Accessibility Innovations and Challenges

Ted Drake, Yahoo Accessibility Lab
Facebook: YahooAccessibility
Yahoo Accessibility Lab Blog: http://yaccessibilityblog.com/
Drake's Blog: http://developer.yahoo.com/blogs/ydn/posts/author/tdrake/
Presentation: http://www.slideshare.net/7mary4/yahoo-hack-university-accessiblie-innovations-and-challenges
  • Yahoo
    • Has history of front end engineers working with back end engineers
    • Front end team has task of making it accessible
      • Web developers do most of the accessibility work
  • What is accessibility?
    • Addressing the needs of people with disabilities and their friends and families
    • About leveling the playing field
    • A major goal is to remove barriers - if your UI requires a mouse, you are already excluding people
    • Thinking about universal design, from the start, all the way through
      • You want designs that work for people whether they are abled or disabled
  • Who makes it accessible?
    • Lawsuit against Target for the inaccessibility of their
      commercial site design emphasizes the importance of accessible
      design
    • Accessibility is built by advocates and champions
      • Advocate refuses to go around things that are inadequate
      • Champions make accessible design happen
  • Make it accessible
    • Contrast - There are several good contrast evaluation tools
      out there, just search for "contrast checker"

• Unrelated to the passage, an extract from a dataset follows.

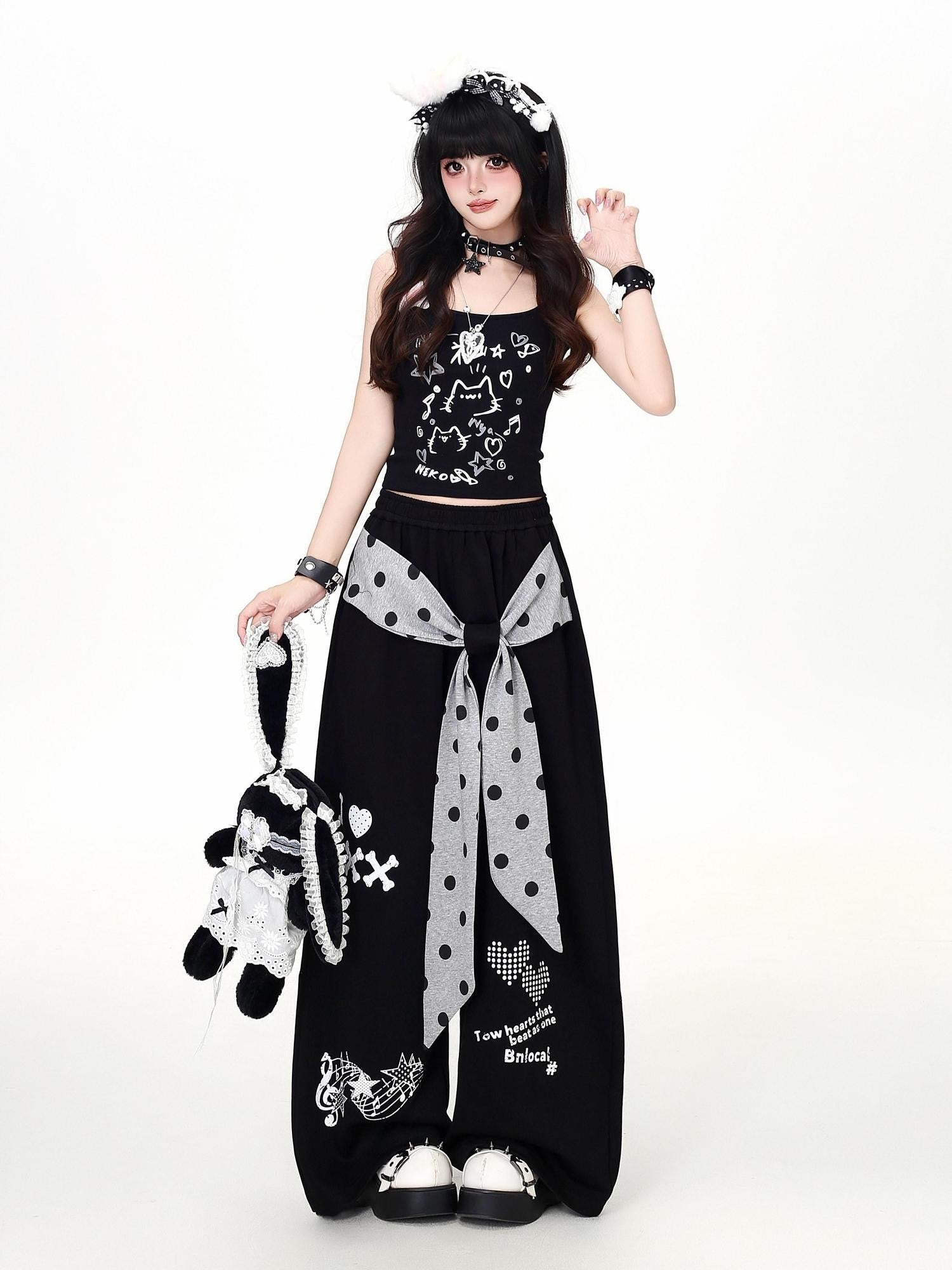 CRAZYGIRL Polka Dot Bow High Waist Loose Draped Women's Other Fabric Chinos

    • Do not rely solely on color to convey meaning ("click on the red button")
    • Alt text for graphics needs to be explanatory, do not just repeat the headline
      • alt="" appropriate if image is decorative
      • ARIA has a role="presentation"
    • Title attribute - does not replace the Alt attribute
    • Images may be disabled
      • If using background images in CSS and you have text on that background,
        check for contrast of text on background without image. White lettering
        that no longer has a dark background is hard to read.
    • Off-screen text
      • A method sometimes used to make text available to people
        using screen readers but not visible to others by placing it
        way off screen
      • A problem in countries with text flow from right to left
    • Using wrong element type in HTML can confuse things. Use the most
      semantically correct element type
      • Example: using button for sign-in, then using anchor for cancel
        because you want cancel to look like a link
        • Confusing because cancel is an action, not a link to somewhere
        • Instead, make the cancel a button and style it as a link
      • ARIA role role="button" can be used to clarify things for the screen reader
    • Use th in tables for row and column headings
    • Command + allows you to zoom the page
      • Web designers are getting lazy about accessibility implications
      • A person who zooms in ends up with scroll bars
      • On Firefox, go to zoom text only (View -> Zoom - Zoom Text Only
      • Use YUI CSS packages
      • Proportional sizing is nice, but your situation may require fixed widths
    • Forms need labeling - every form field should have a text associated
      with it and the label attribute should be used to associate the field and
      the text.
    • ARIA
      • Can be used today
      • Works in almost all browsers
      • How to do it
        • Landmarks role="search"
        • Function role="button"
        • Labels aria-label="Search Term"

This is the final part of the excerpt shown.